472,354 Members | 2,196 Online
Bytes | Software Development & Data Engineering Community
+ Post

Home Posts Topics Members FAQ

Join Bytes to post your question to a community of 472,354 software developers and data experts.

re module non-greedy matches broken

re:
4.2.1 Regular Expression Syntax
http://docs.python.org/lib/re-syntax.html

*?, +?, ??
Adding "?" after the qualifier makes it perform the match in non-greedy or
minimal fashion; as few characters as possible will be matched.

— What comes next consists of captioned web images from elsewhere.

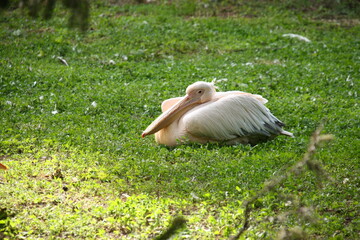 white pelican in the grass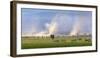 Africa elephant, wildebeests and plains zebras, Amboseli National Park, Kenya-Art Wolfe-Framed Photographic Print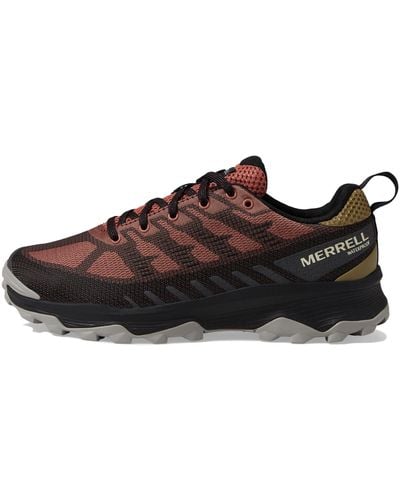 Merrell Speed Eco Wp-sedona/herb Low-top Trainers - Red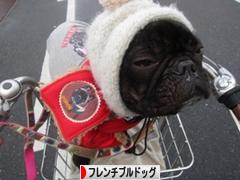 にほんブログ村 犬ブログ フレンチブルドッグへ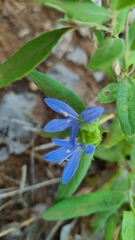 Megalochlamys revoluta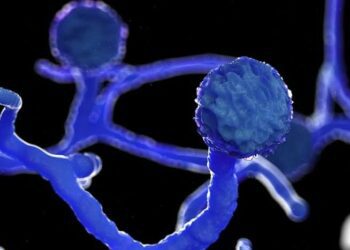 Factbox: What is black fungus?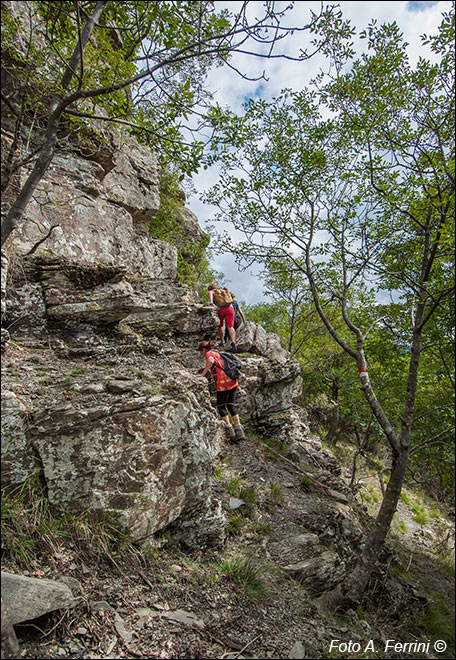 CAI 49A verso la ferrata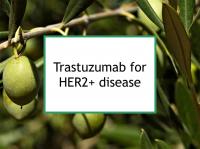 Trastuzumab for HER2+ breast cancer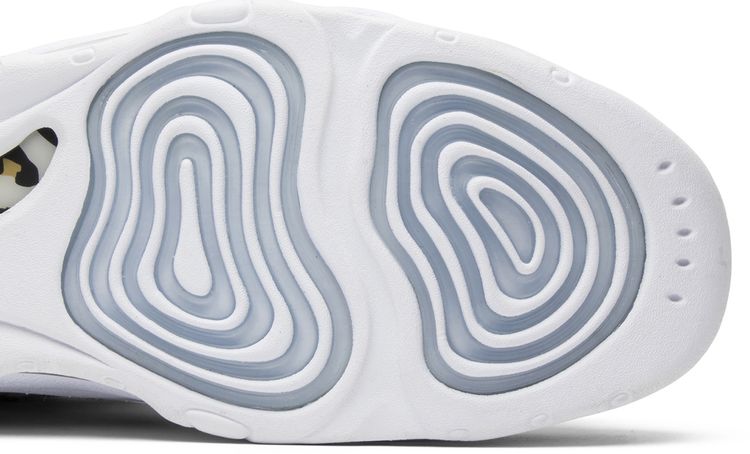 Kith x Nike Air Pippen 1 Chimera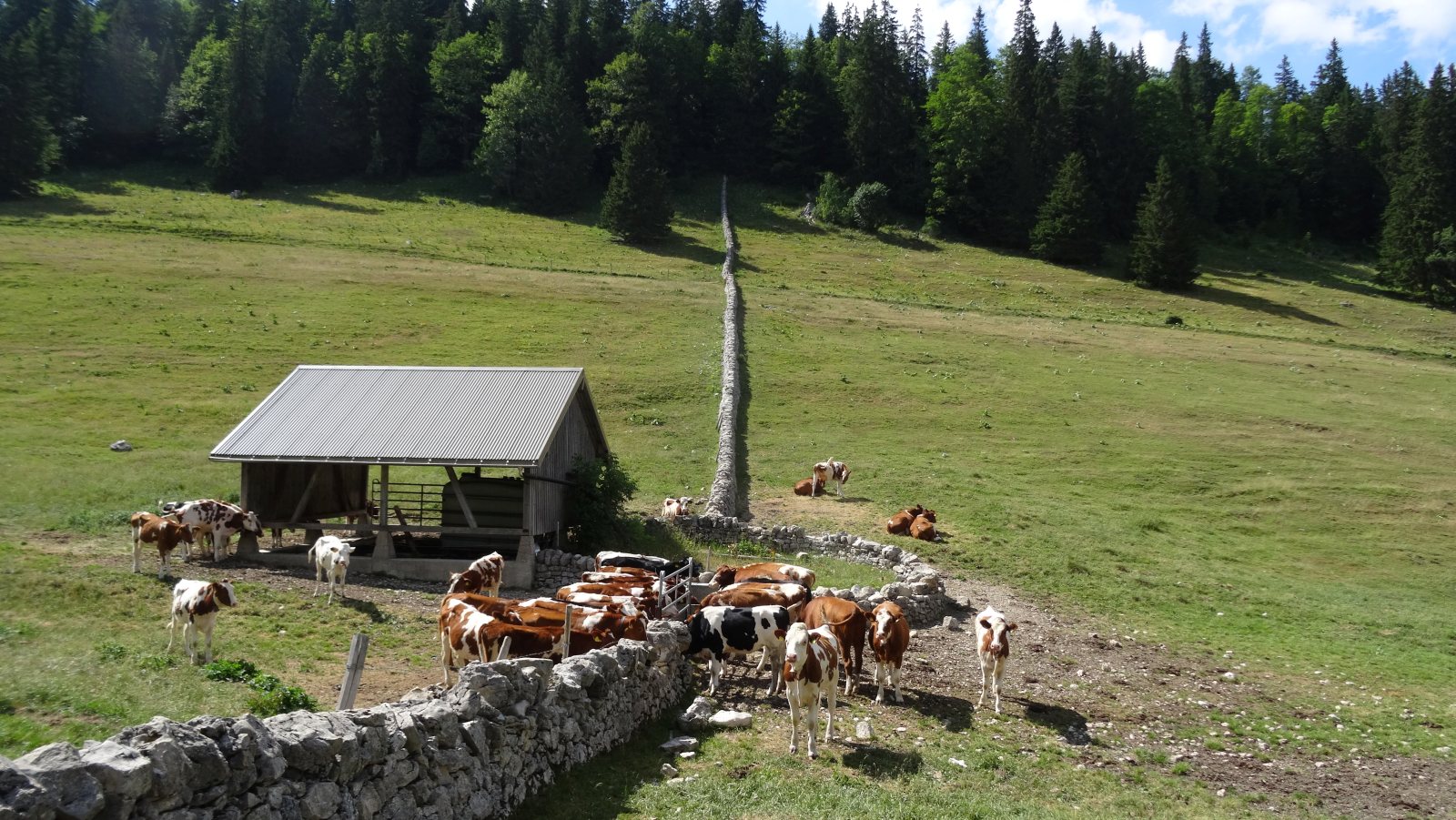 Couvert des Begnines – Arzier-Le Muids – Vaud – Suisse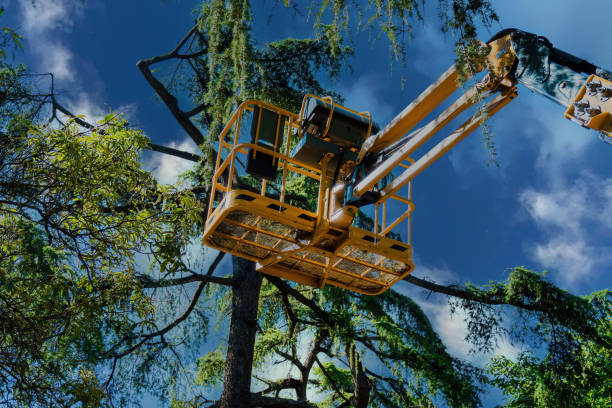 Best Tree Branch Trimming  in Mammoth Lakes, CA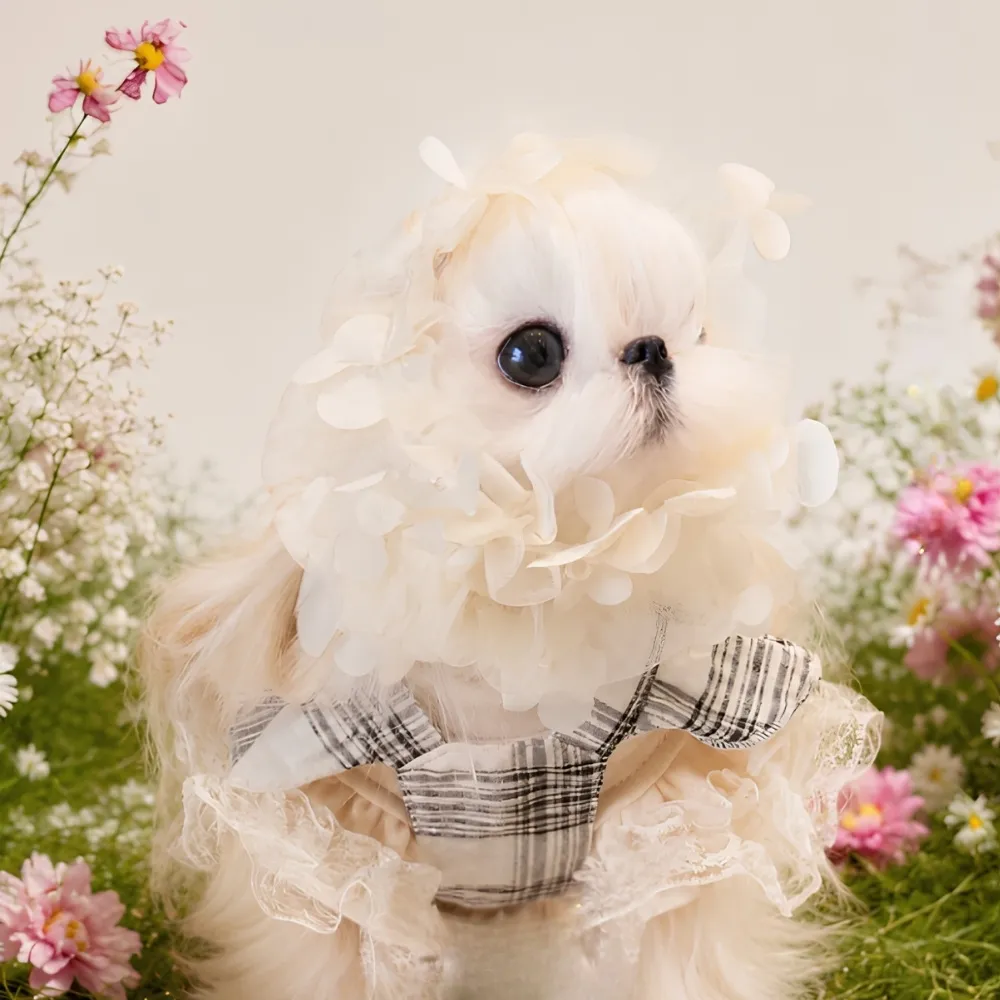 【Zoobulous 玩玩動物園】寵物耳套Snood｜花園精靈珍珠花精 (寵物耳套/長毛貓狗共用/寵物配件)
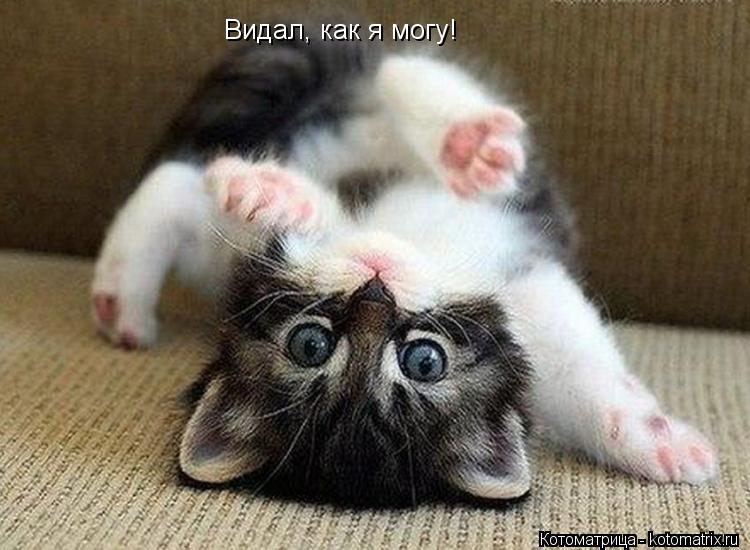 Видал, как я могу!... Котоматрица: Видал, как я могу!
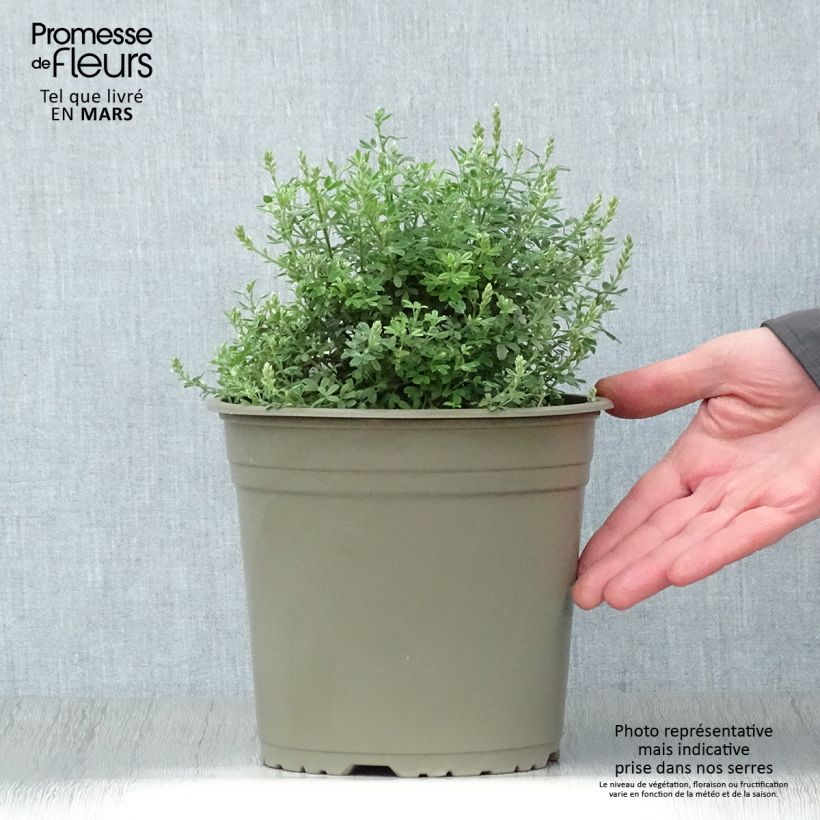 Exemplaar van Cytisus racemosus Phebus - Kamerbrem Pot van 4 l/5 l zoals geleverd in de lente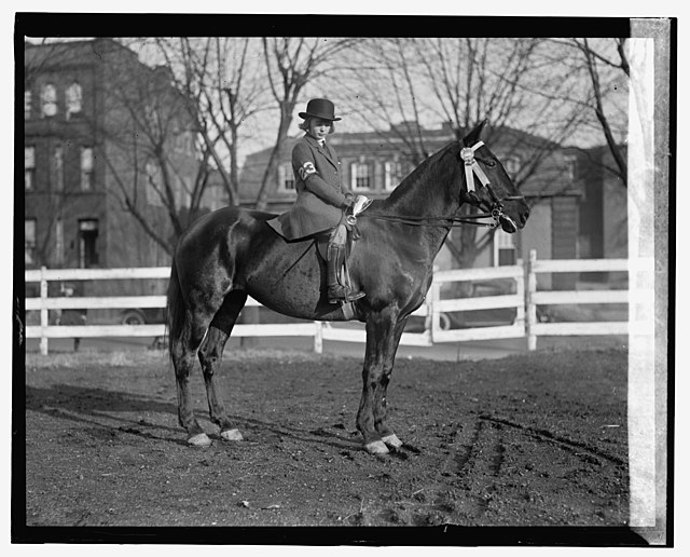 Hraběnka Gladys Vanderbilt Széchényi
Hraběnka Gladys Vanderbilt Széchényi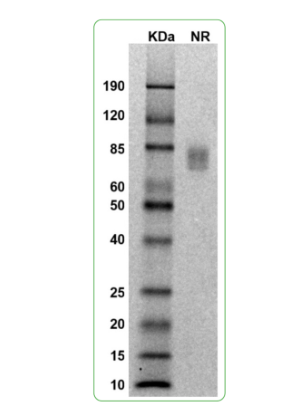 MW: Molecular Weight marker reduced condition
NR: CTLA-4 dimer under non-reduced condition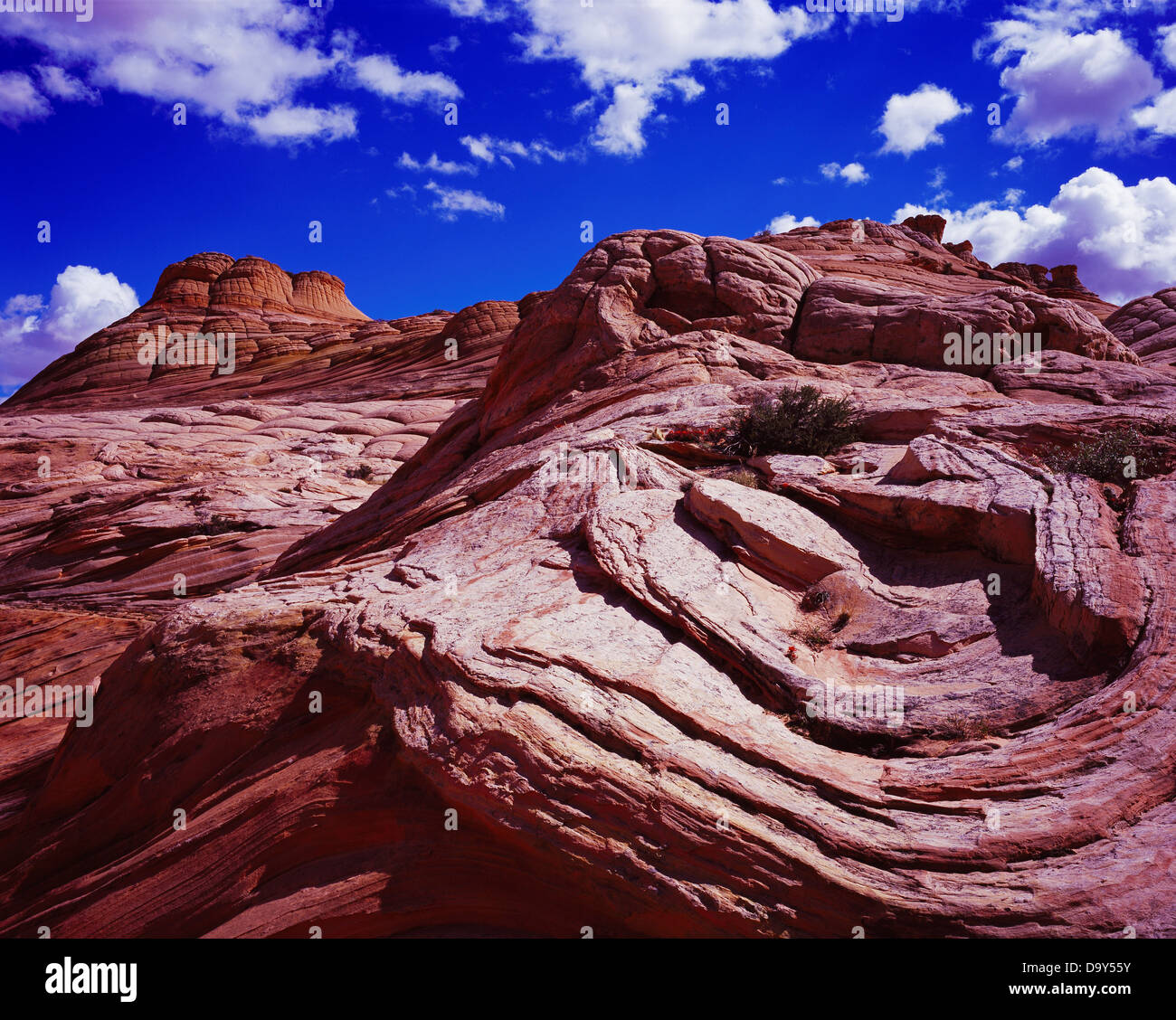 Intricate bedding pattern in wind eroded Navajo Sandstone; Paria Canyon-Vermilion Cliffs Wilderness; Utah Stock Photo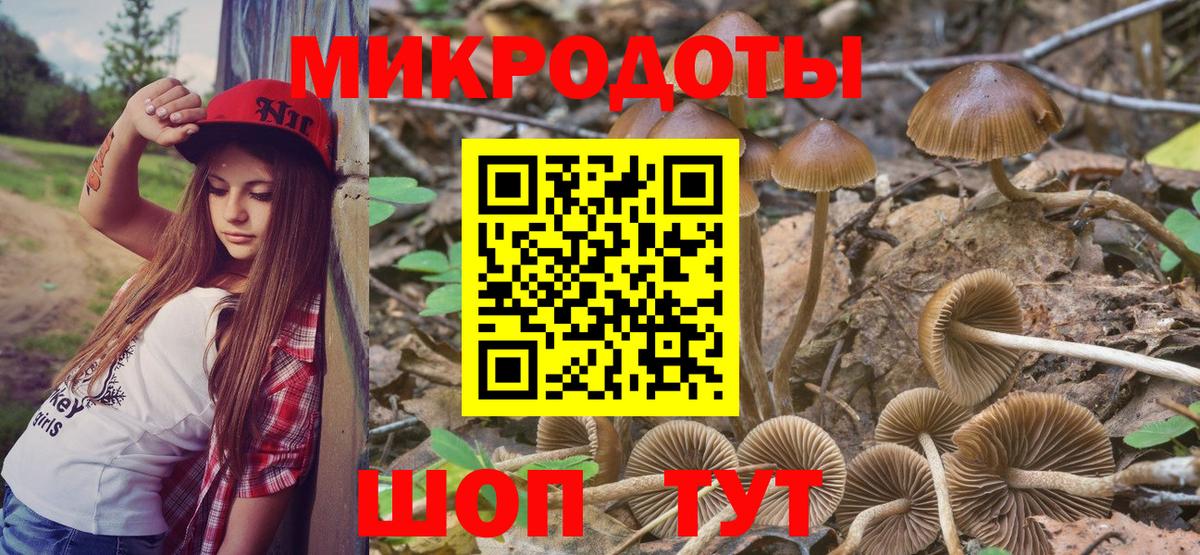 Галлюциногенные грибы Magic Shrooms Северобайкальск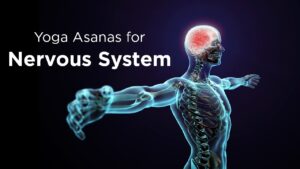 Nerveous System  And Stress Management Asanas Video – 2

the regular expression module fails to perform non-greedy matches as
described in the documentation: more than "as few characters as possible"
are matched.

this is a bug and it needs to be fixed.

examples follow.

lothar@erda /ntd/vl
$ cat vwre.py
#! /usr/bin/env python

import re

vwre = re.compile("V.*?W")
vwlre = re.compile("V.*?WL")

if __name__ == "__main__":

newdoc = "V1WVVV2WWW"
vwli = re.findall(vwre, newdoc)
print "vwli[], expect", ['V1W', 'V2W']
print "vwli[], return", vwli

newdoc = "V1WLV2WV3WV4WLV5WV6WL"
vwlli = re.findall(vwlre, newdoc)
print "vwlli[], expect", ['V1WL', 'V4WL', 'V6WL']
print "vwlli[], return", vwlli

lothar@erda /ntd/vl
$ python vwre.py
vwli[], expect ['V1W', 'V2W']
vwli[], return ['V1W', 'VVV2W']
vwlli[], expect ['V1WL', 'V4WL', 'V6WL']
vwlli[], return ['V1WL', 'V2WV3WV4WL', 'V5WV6WL']

lothar@erda /ntd/vl
$ python -V
Python 2.3.3
Jul 18 '05 #1
12 4208
* lothar wrote:
re:
4.2.1 Regular Expression Syntax
http://docs.python.org/lib/re-syntax.html

*?, +?, ??
Adding "?" after the qualifier makes it perform the match in non-greedy
or
minimal fashion; as few characters as possible will be matched.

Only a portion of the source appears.